In scanning Bryan Alexander’s recent Academia and AI newsletter issue on Generative AI at the end of 2024 I was intrigued by his examples of image descriptions by Mistral AI, so I did the obvious and tried a few examples (see below).
I’m curious to hear how others are faring with using GenerativeAI for image descriptions.
But. maybe more for those deeper into this (cough cough @moodler) is Mistral open enough? Or open at all? Their site lists under Openness “We lead the market of open source generative technologies to bring trust and transparency in the field and foster decentralised technology development”
Their model weights are available, though I have no idea what I do with them. Their Pixtral Large model"demonstrates frontier-level image understanding. Particularly, the model is able to understand documents, charts and natural images, while maintaining the leading text-only understanding of Mistral Large 2."
Alan’s Test (n=3)
Yes, the natural response is to try it on images. I chose three, for which in use elsewhere I have already written my own alt text descriptions from my own model (my brain).
Photo by Alan Levine shared into the public domain using CC0
I thought I had posted this somewhere with a description but am not finding it. Mistral AI described it (used in the alt text above)
This image depicts a tractor operating in a snowy field. The tractor is equipped with a front loader attachment, which is currently raised and appears to be holding snow. The tractor has large tires, suitable for navigating through snowy terrain. The background shows a flat, open field covered in snow, with some trees and a clear sky visible in the distance. The scene suggests that the tractor is being used for snow removal or other winter-related tasks.
Here is a second test.
The Virtuous Properties flickr photo by cogdogblog shared into the public domain using Creative Commons Public Domain Dedication (CC0)
I used this for a blog post where my not so great alt text was written (now cringing at how weak it is)
Taped to the side of an abandoned refrigerator is a hand written sign reading “It Works, Free”
Mistral AI provided
This image shows a refrigerator placed outdoors. Attached to the front of the refrigerator is a handwritten note on a piece of lined paper. The note reads, “It works. Free.” The note is secured to the refrigerator with green tape. The background shows a natural setting with trees and grass, indicating that the refrigerator is likely being offered for free to anyone who wants it.
And finally my third test, was a photo I took in a local coffee shop
Pixelfed photo by @cogdog licensed under Public Domain (CC0)

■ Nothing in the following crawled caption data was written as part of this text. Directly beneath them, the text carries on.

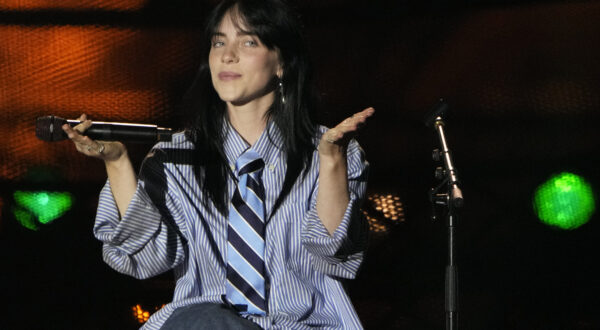 Billie Eilish performs during the Power Our Planet concert on the sideline of the Climate Finance conference in Paris, Thursday, June 22, 2023. World leaders, heads of international organisations and activists are gathering in Paris for a two-day summit aimed at seeking better responses to tackle poverty and climate change issues by reshaping the global financial system. (AP Photo/Lewis Joly)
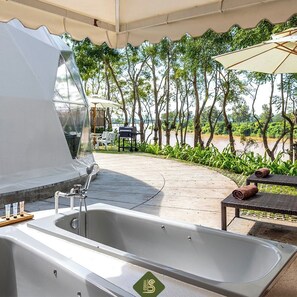 A spa area with a large bathtub, a grill, and outdoor seating. - Bansaeo Garden and Resort (Chiang Saen)
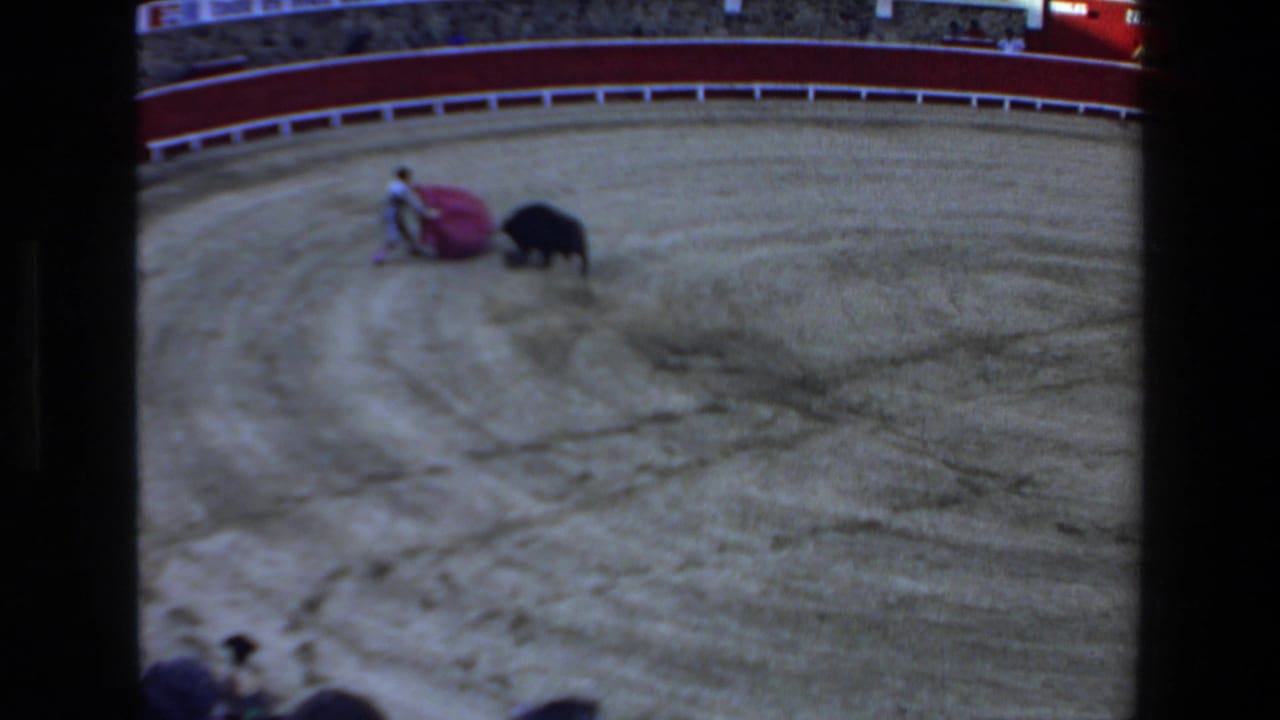 Bullfighter with red cape faces a black bull in a sandy arena.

My alt text was I feel pretty good:
A small round shaped cactus sits in a bowl on a counter. It has small, delicate bright colored flower on its crown. Through the window behind is a snow covered street suggesting very cold temperature out there.
And here is Mistral AI’s description
This image shows a close-up of a cactus plant with several bright pink flowers blooming at the top. The cactus has a round shape and is covered with numerous white, hair-like spines. The background is slightly blurred but appears to show a snowy outdoor scene with buildings and vehicles, suggesting that the cactus is indoors, possibly near a window. The contrast between the vibrant flowers and the snowy backdrop creates an interesting visual juxtaposition.
I have been making a focused effort for more than a year to practice regular image descriptions, and one of my go to guides is Alex Chen’s How to Write and Image Description for its approach of ‘Object — action — context’
Is Mistral achieving this? From my bit of reading, an alt text description does not need a reference to itself as an image, I would remove the “This image shows” or “This image depicts” as it should just be the description. That’s minor. Mistral is doing a good job of describing and then ending ina bit of context or suggestion of meaning.
From my limited tests MIstral does well. I’d bet it might struggle (as Bryan’s examples suggests) with words on the screen, although when you look at the examples in MIstral Large, it is showing not only transcription of text in images but also intrepretation (I should try some charts and graphs).
But I have to say in my small test, wow.